Ich gehe abends hundemüde ins Bett, doch ich finde einfach keinen Schlaf.
Wenn ich dann endlich eingeschlafen bin, endet die Nacht viel zu früh – oft schon gegen fünf Uhr bin ich wieder wach.
In solchen Nächten liege ich lange wach, aber wachsam bin ich deswegen noch lange nicht.
Im Gegenteil: Diese Schlaflosigkeit erschöpft mich, lässt mich müde bleiben und raubt mir die Kraft für echte Aufmerksamkeit, für Wachsamkeit.
Manchmal ist es gerade die Erschöpfung und Müdigkeit, die unsere Augen und unseren Geist trübt und unseren Blick verengt.
Ich bin mittlerweile mehr und mehr davon überzeugt:
guter Schlaf und und echte Wachsamkeit sind sich näher, als wir manchmal meinen – wie zwei Geschwister, die einander brauchen.
Wachsam wird, wer Raum schafft:
weniger Lärm im Kopf, weniger Ablenkung, weniger dieses rastlose Hin-und-Her;
dafür mehr Momente, in denen wir wirklich anwesend sind.

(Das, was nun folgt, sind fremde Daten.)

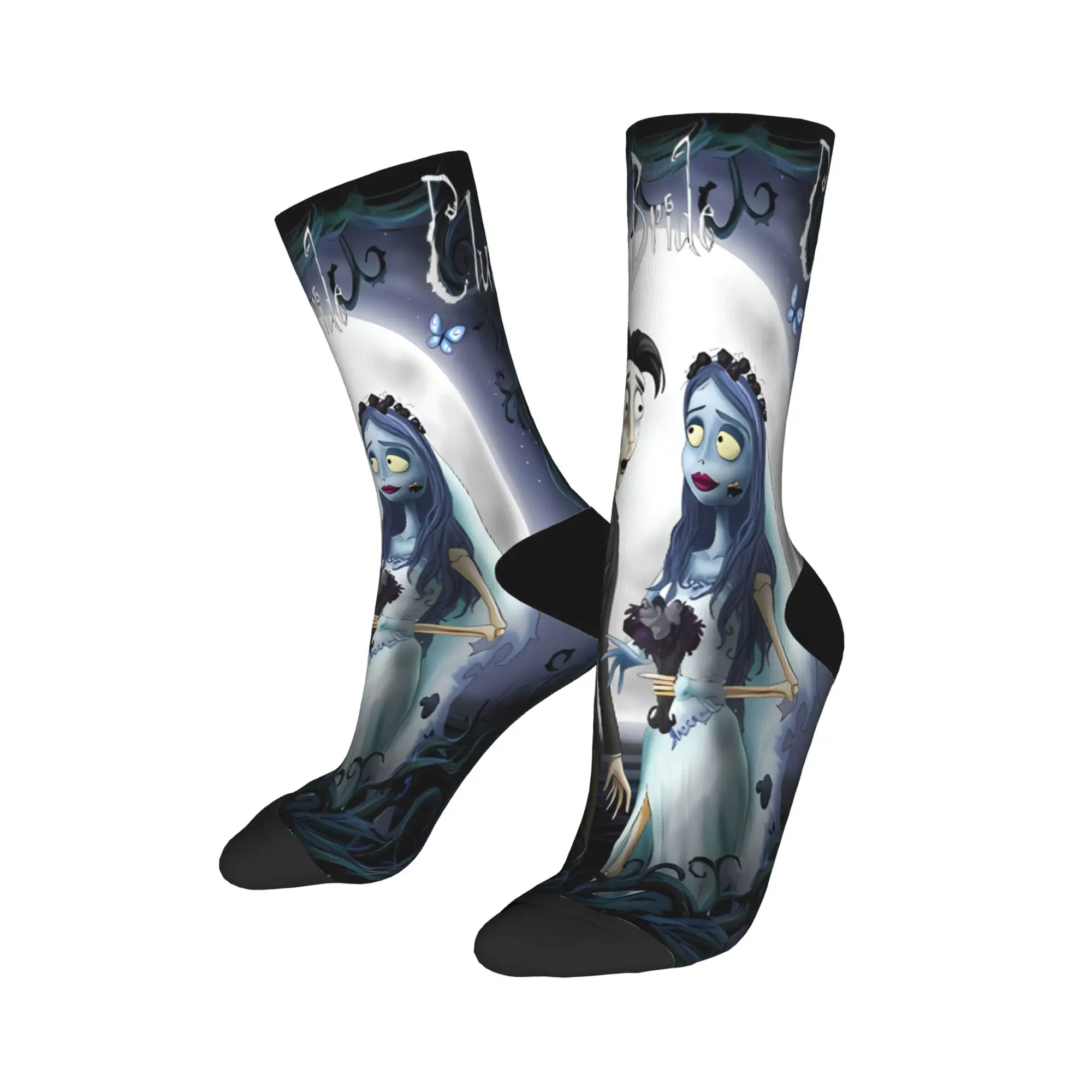 Anime Film C-Corpse Braut Socken Koreanische Strümpfe Unisex Männer Atmungsaktive Outdoor Sport Socken Herbst Grafik Anti Schweiß Socken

Ein paar Minuten Stille am Morgen.
Ein Gespräch, das nicht oberflächlich bleibt.
Ein Gebet – allein oder gemeinsam -, das uns erdet;
kleine geistliche Pausen, die uns wieder spüren lassen, was wirklich wichtig ist.

Und zugleich:
Der Advent lebt auch von dem, was uns seit Kindertagen trägt:
vom Ritual des Kerzenanzündens, von Liedern, die man auswendig kann, vom Plätzchengeruch, der sofort innere Bilder weckt.
Diese einfachen Dinge haben uns damals geholfen, die Zeit bis Weihnachten zu „spüren“, ohne dass wir vom Verstand her erfasst hätten, was die Menschwerdung Gottes bedeutet.
Vielleicht dürfen wir sie heute wieder neu zulassen – nicht aus Nostalgie, sondern weil sie unser Herz empfänglich machen für das, was Gott sagen will.
Wenn wir beides verbinden – die bewusste Wachsamkeit der Erwachsenen und das staunende Herz unserer Kindheit –, dann kann dieser Advent mehr sein als nur Vorweihnachtstrubel.
Er kann eine Zeit werden, in der wir entdecken, wie Gott mitten in unserem Alltag leise Schritte macht.
Eine Zeit, in der wir lernen, zu horchen, zu hoffen und uns berühren zu lassen.
Eine Zeit, in der wir wach werden – für das Licht, das unterwegs ist zu uns.